XXV
THE JOY OF CHRIST
Wednesday in Passion Week
The last chapters of St. John—in particular from the thirteenth to the seventeenth—are worthy, more than anything else in the sacred writings, of the designation which has been given them, The Heart of Jesus. They are the language of the most intimate love, to the most intimate friends, in view of the greatest and most inconceivable of human sorrows. For, though the disciples—poor, humble, simple men—were dazed, confused, and misty up to the very moment when they were entering upon the greatest sorrow of their life, the Master who was leading them saw it all with perfect clearness. He saw perfectly not only the unspeakable humiliation and anguish that were before himself, but the disappointment, the terror, the dismay, the utter darkness and despair that were just before these humble, simple friends who had invested all their love and hope in him.
When we think of this it will seem all the more strange, the more unworldly and divine to find that in these very chapters our Lord speaks more often, and with more emphasis, of Joy than in any other part of the New Testament. In the fifteenth he says, "These things have I spoken unto you that my joy might remain in you, and that your joy might be full." And again, in his prayer for them, he says, "And now come I to thee; and these things I speak in the world that they might have my joy fulfilled in themselves." He speaks of his joy as a treasure he longed to impart—as something which overflowed his own soul, and sought to equalize itself by flowing into the souls of his friends. He was not only full of joy, but he had fullness of joy to give away.
This joy of Christ in the approach of extremest earthly anguish and sorrow is one of the beautiful mysteries of our faith. It is a holy night-flower, opening only in darkness, and shedding in the very shadow of death light and perfume; or like the solemn splendor of the stars, to be seen only in the deepest darkness.
In the representations made of our Lord as a man of sorrows we are too apt to forget the solemn emphasis with which he asserts this fullness of joy. But let us look at his position on the mere human side. At the hour when he thus spoke he knew that, so far as the salvation of his nation was concerned, his life-work had been a failure. His own people had rejected him and had bargained with a member of his own family to betray him. He knew the exact details of the scourging, the scoffing, the taunts, the torture, the crucifixion; and to a sensitive soul the hour of approach to a great untried agony is often the hour of bitterest trial. It is when we foresee a great trouble in the dimness of to-morrow that our undisciplined hearts grow faint and fail us. But he who had long foreseen—who had counted in advance—every humiliation, every sorrow, and every pain, spoke at the same time of his joy as an overflowing fullness. He spoke of his peace as something which he had a divine power to give away. The world saw that night a new sight—a sufferer who had touched the extreme of all earthly loss and sorrow, who yet stood, like a God, offering to give Peace and Joy—even fullness of joy. For our Lord intensifies the idea. He wants his children not to have joy merely, but to be full of joy. This is the meaning of the words to "have my joy fulfilled in them."

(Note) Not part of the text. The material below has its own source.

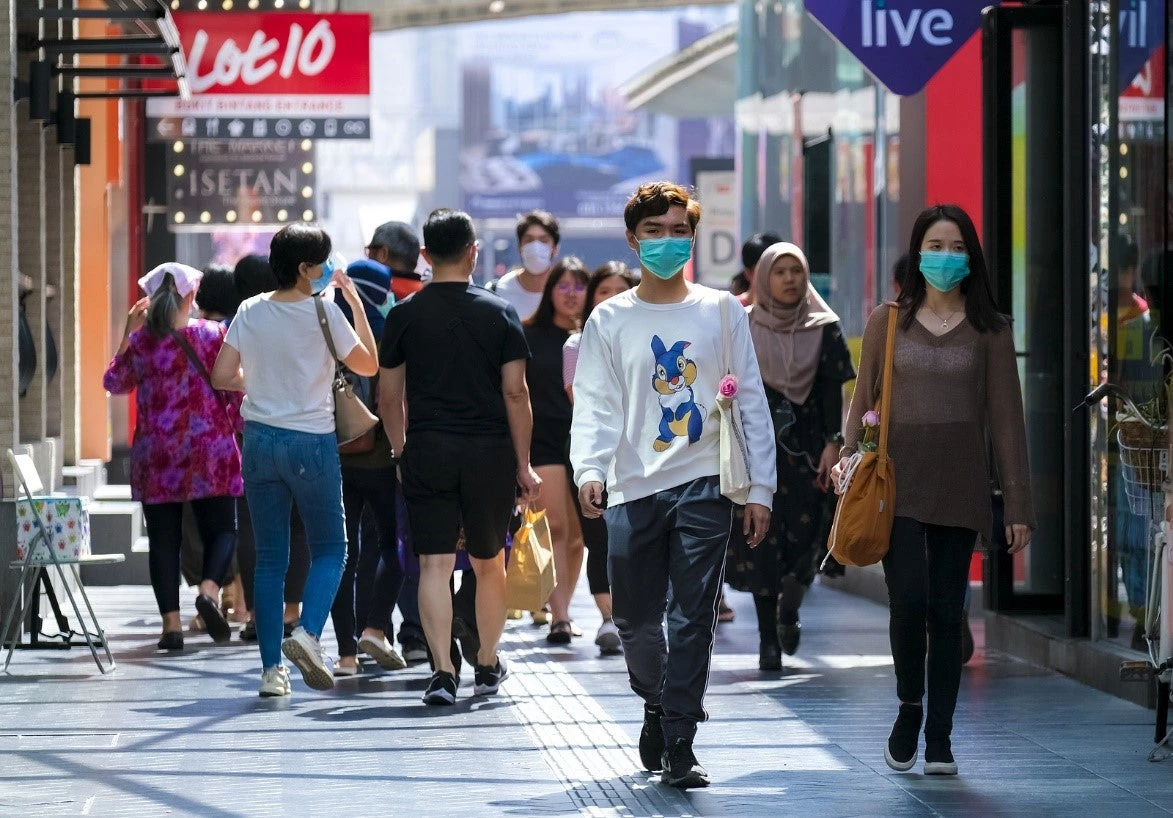 Malaysians in the Kuala Lumpur city center prior to the announcement of the Movement Control Order (MCO) in an effort to control the spread of the COVID-19. The country now faces new challenges as a result of the global economic environment and the public health crisis brought on by the pandemic.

We shall see in the affecting history of the next few hours of the life of Jesus that this heavenly joy was capable of a temporary obscuration. He was aware that a trial was coming from a direct collision with the Evil Spirit. "The Prince of this world cometh, but hath nothing in me."
Yet we cannot but feel that the mysterious agonies of Gethsemane, that wrung the blood-drops from his heart, were in part due to that conflict with cruel and malignant spirits. It is the greatest possible help to our poor sorrowful nature that these struggles, these strong cryings and bitter tears of our Lord, have been recorded, because it helps us to feel that he was not peaceful because he was passionless—that his joy and peace did not come from the serenity of a nature incapable of sorrow and struggles like ours. There are passages in the experience of such saints as Madame Guyon that seem like the unnatural exaltations of souls exceptionally indifferent to circumstances; nothing makes any difference to them; one thing is just as good as another. But in the experience of Jesus we see our own most shrinking human repellencies. We see that there were sufferings that he dreaded with his whole soul; sorrows which he felt to be beyond even his power of endurance; and so when he said, "Not my will, but Thy will," he said it with full vision of what he was accepting; and in that unshaken, that immovable oneness of will with the Father lay the secret of his joy and victory.
It is a great and solemn thing for us to think of this joy of Christ in sorrow. It is something that we can know only in and by sorrow. But sorrows are so many in this world of ours! Griefs, sickness, disappointment, want, death, so beset our footsteps that it is worth everything to us to think of that joy of Christ that is brightest as the hour grows darkest. It is a gift. It is not in us. We cannot get it by any human reasonings or the mere exercise of human will, but we can get it as a free gift from Jesus Christ.
If in the hour of his deepest humiliation and suffering he had joy and peace to give away, how much more now, when he is exalted at the right hand of God, to give gifts unto men! Poor sorrowful, suffering, struggling souls, Christ longs to comfort you. "I will give to him that is athirst the water of life freely." "Come unto me, all ye that labor and are heavy laden, and I will give you rest."